◆ What is expected
Everything in the records except the pictures should come back exactly as written.

Start of Stored data

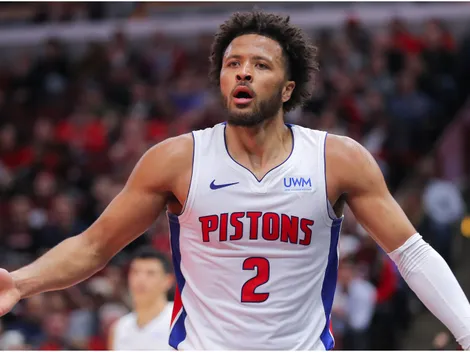 NBA icon Dwyane Wade issues major warning about the Detroit Pistons ahead of Playoff matchup vs Knicks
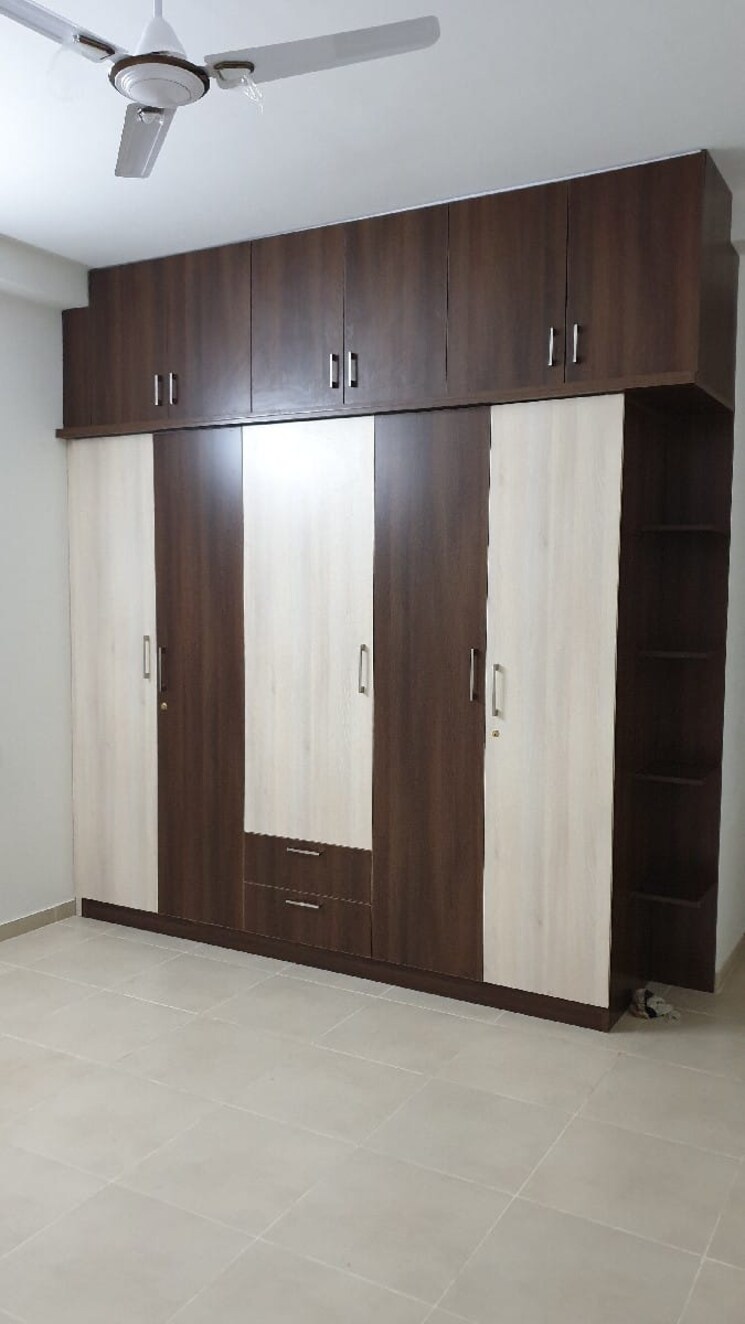 Room, bhartiya-nikoo-homes 3 Bedroom 1983 Sq.Ft. Apartment In Thanisandra Main Road Bangalore 8695768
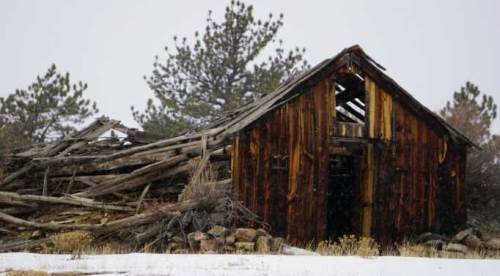 Rüyada Yıkık Dökük Ev Görmek Ne Anlama Gelir?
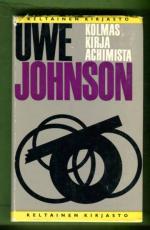 Kolmas kirja Achimista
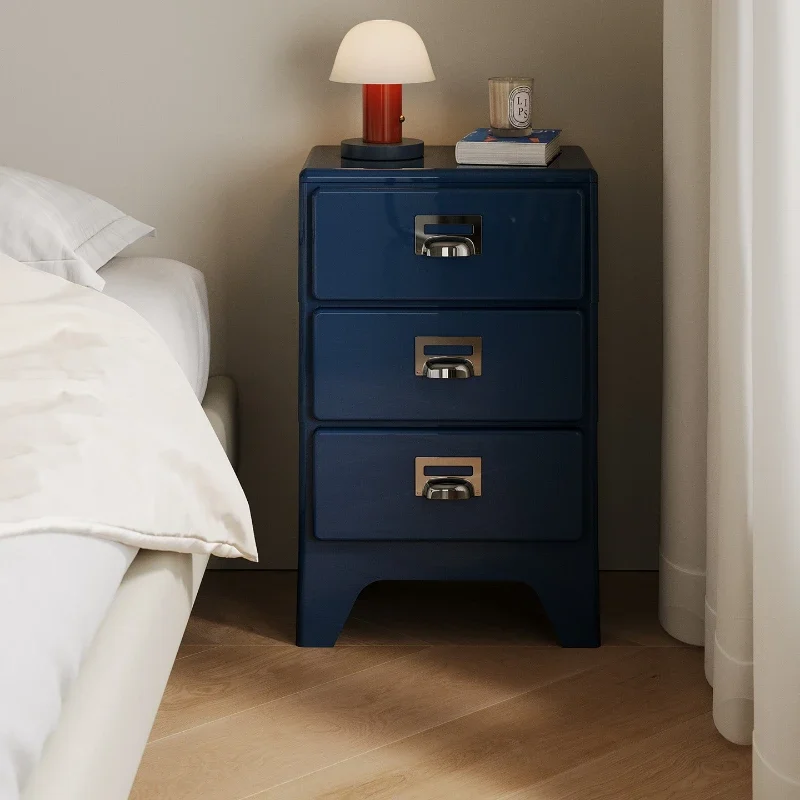 

Средневековая прикроватная тумбочка, спальня, шкаф для хранения ящиков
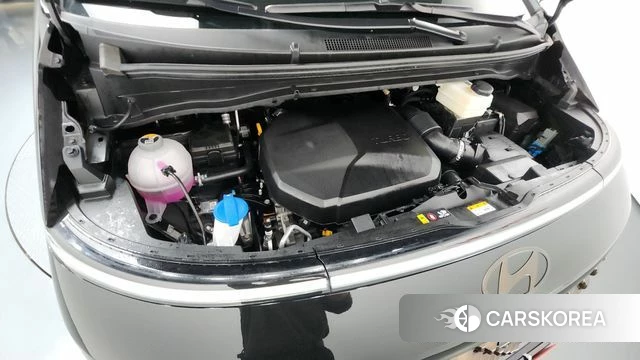 Hyundai Staria id 3837894 из Кореи 16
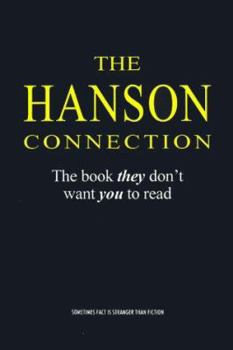 Paperback The Hanson Connection Book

End of Stored data

◆ Answer to this problem
 NBA icon Dwyane Wade issues major warning about the Detroit Pistons ahead of Playoff matchup vs Knicks
 Room, bhartiya-nikoo-homes 3 Bedroom 1983 Sq.Ft. Apartment In Thanisandra Main Road Bangalore 8695768
 Rüyada Yıkık Dökük Ev Görmek Ne Anlama Gelir?
 Kolmas kirja Achimista

Средневековая прикроватная тумбочка, спальня, шкаф для хранения ящиков
 Hyundai Staria id 3837894 из Кореи 16
 Paperback The Hanson Connection Book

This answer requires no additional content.